Below are records with pictures; copy word for word only the lines between the line with "Honda Universal (2002-2004)" and the line with "1-комн. квартира, 30 м2, 5/5 эт. Туймазы", inclusive, and drop the pictures.

• _AVAILABLE RECORDS_
◇ ◇ ◇ ◇ ◇ ◇ ◇

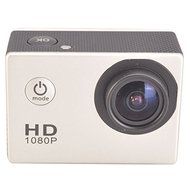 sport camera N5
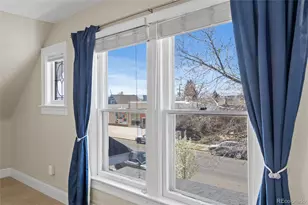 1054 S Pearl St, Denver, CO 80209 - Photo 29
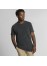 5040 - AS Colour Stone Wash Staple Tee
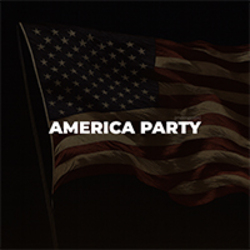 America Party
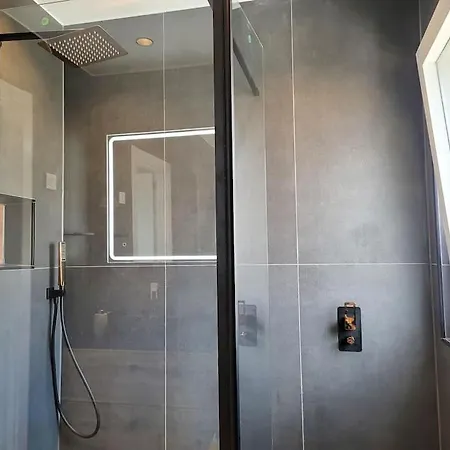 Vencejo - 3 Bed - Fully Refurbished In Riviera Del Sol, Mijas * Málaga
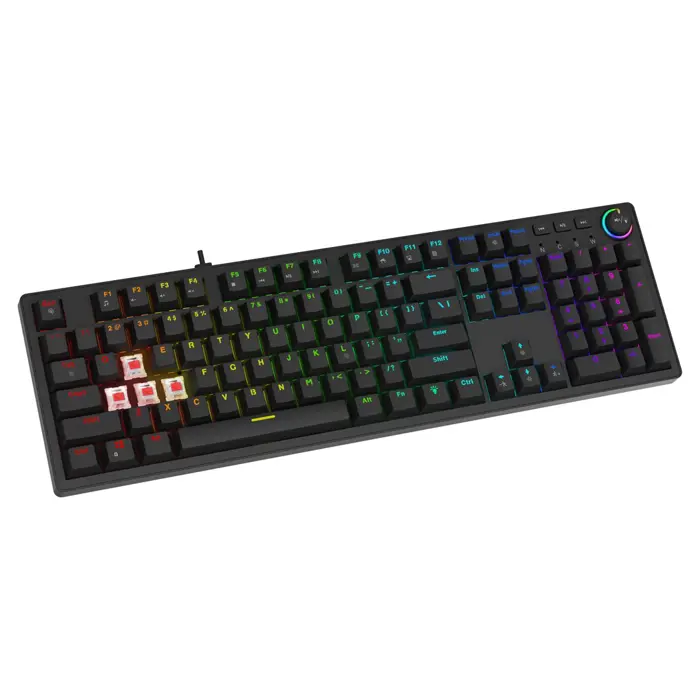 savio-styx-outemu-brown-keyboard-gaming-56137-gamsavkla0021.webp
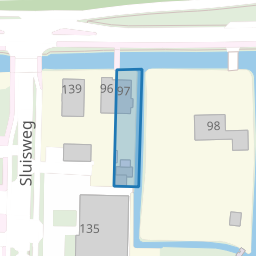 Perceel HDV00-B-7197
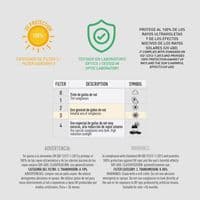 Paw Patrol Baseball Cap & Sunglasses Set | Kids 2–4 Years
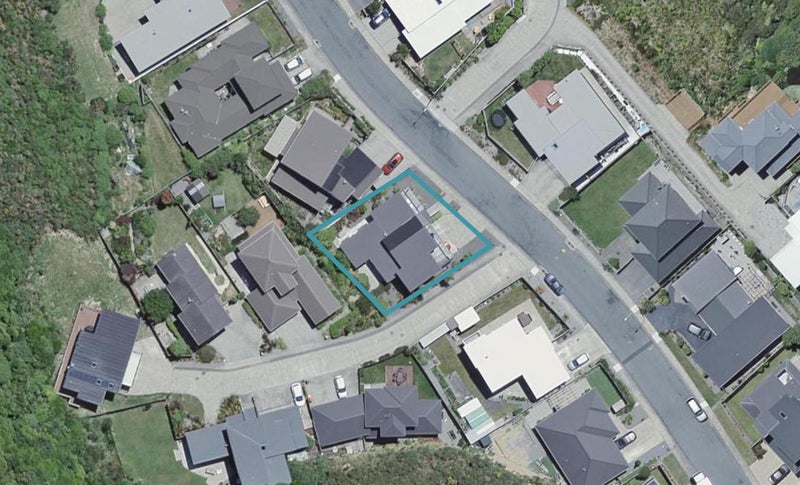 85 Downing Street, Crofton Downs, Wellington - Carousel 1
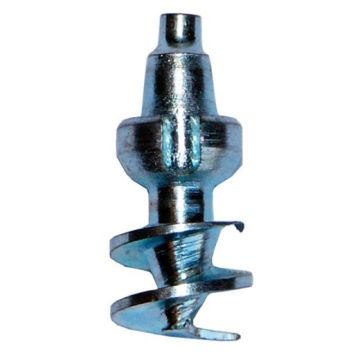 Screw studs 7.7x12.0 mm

◇ ◇ ◇ ◇ ◇ ◇ ◇

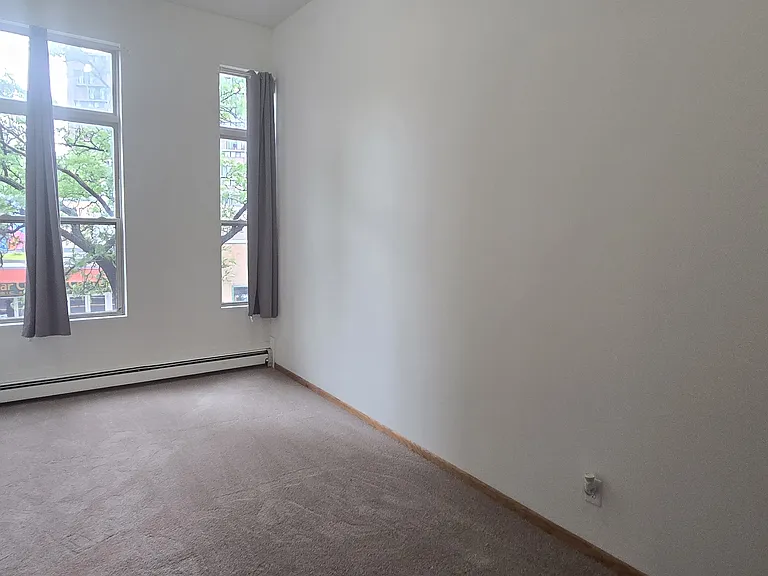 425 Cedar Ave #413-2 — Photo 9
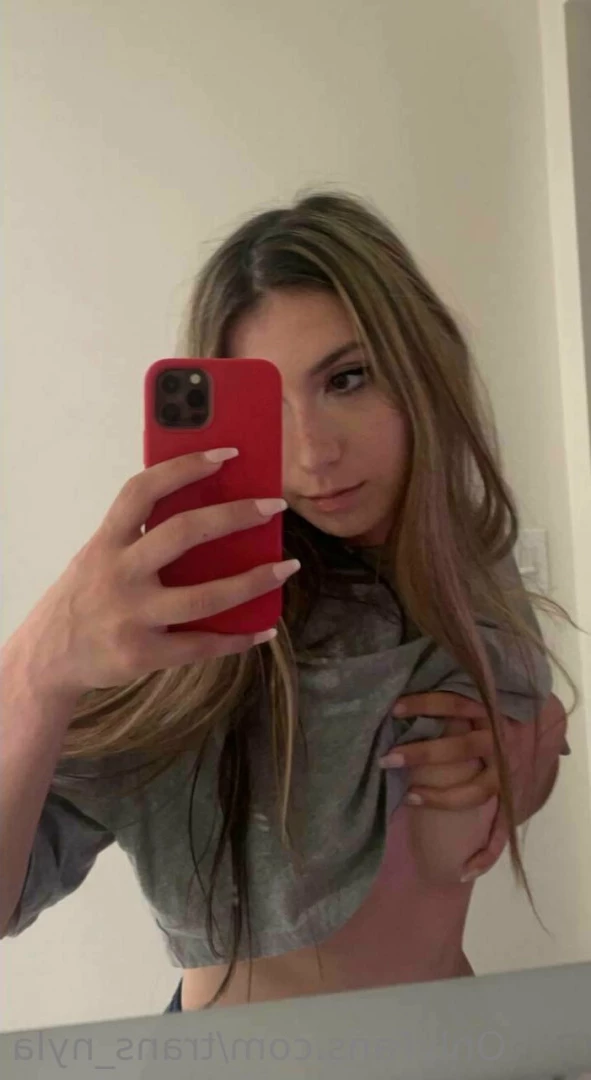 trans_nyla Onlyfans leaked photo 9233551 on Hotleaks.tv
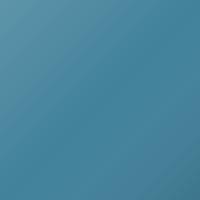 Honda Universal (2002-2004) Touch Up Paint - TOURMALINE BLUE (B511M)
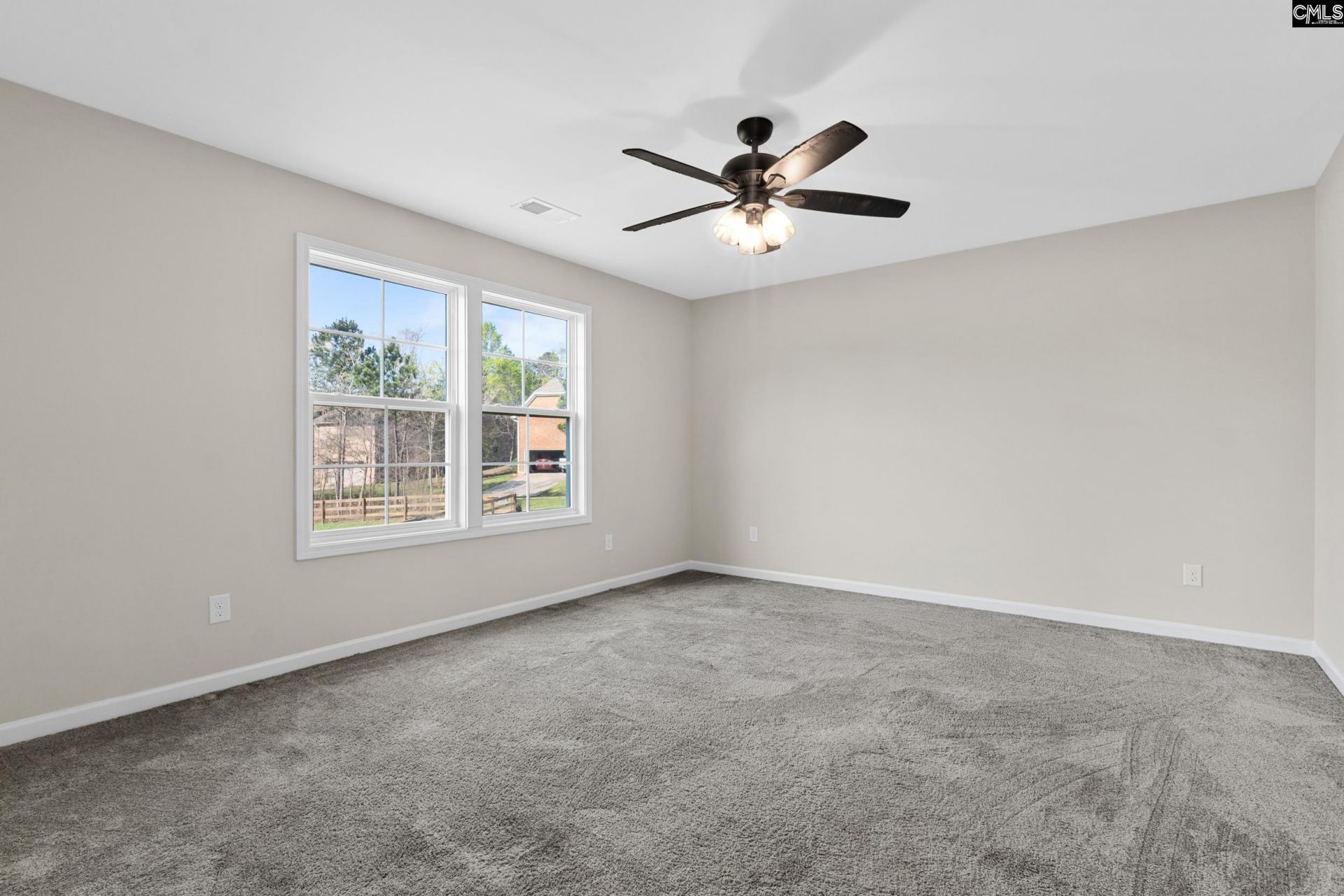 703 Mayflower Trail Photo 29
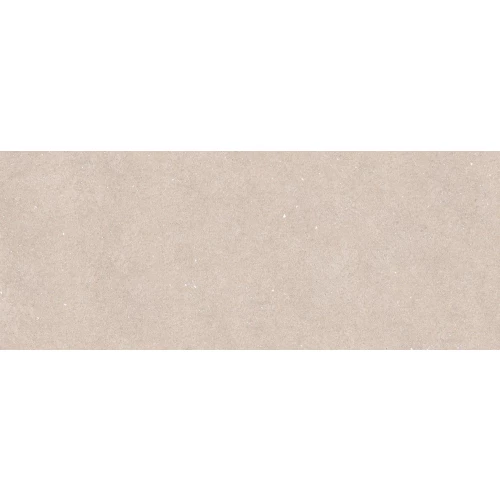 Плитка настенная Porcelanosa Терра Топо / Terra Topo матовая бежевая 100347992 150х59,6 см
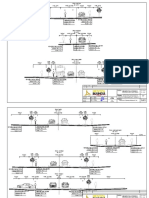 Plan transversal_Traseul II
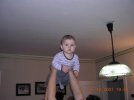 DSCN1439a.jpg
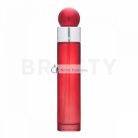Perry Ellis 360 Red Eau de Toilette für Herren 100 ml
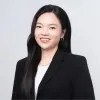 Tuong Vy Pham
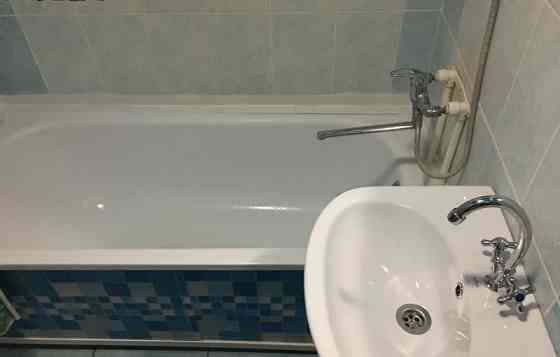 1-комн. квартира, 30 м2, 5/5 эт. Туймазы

◇ ◇ ◇ ◇ ◇ ◇ ◇

• _SOLUTION TO THIS EXERCISE_
 Honda Universal (2002-2004) Touch Up Paint - TOURMALINE BLUE (B511M)
 703 Mayflower Trail Photo 29
 Плитка настенная Porcelanosa Терра Топо / Terra Topo матовая бежевая 100347992 150х59,6 см
 Plan transversal_Traseul II
 DSCN1439a.jpg
Perry Ellis 360 Red Eau de Toilette für Herren 100 ml
 Tuong Vy Pham
 1-комн. квартира, 30 м2, 5/5 эт. Туймазы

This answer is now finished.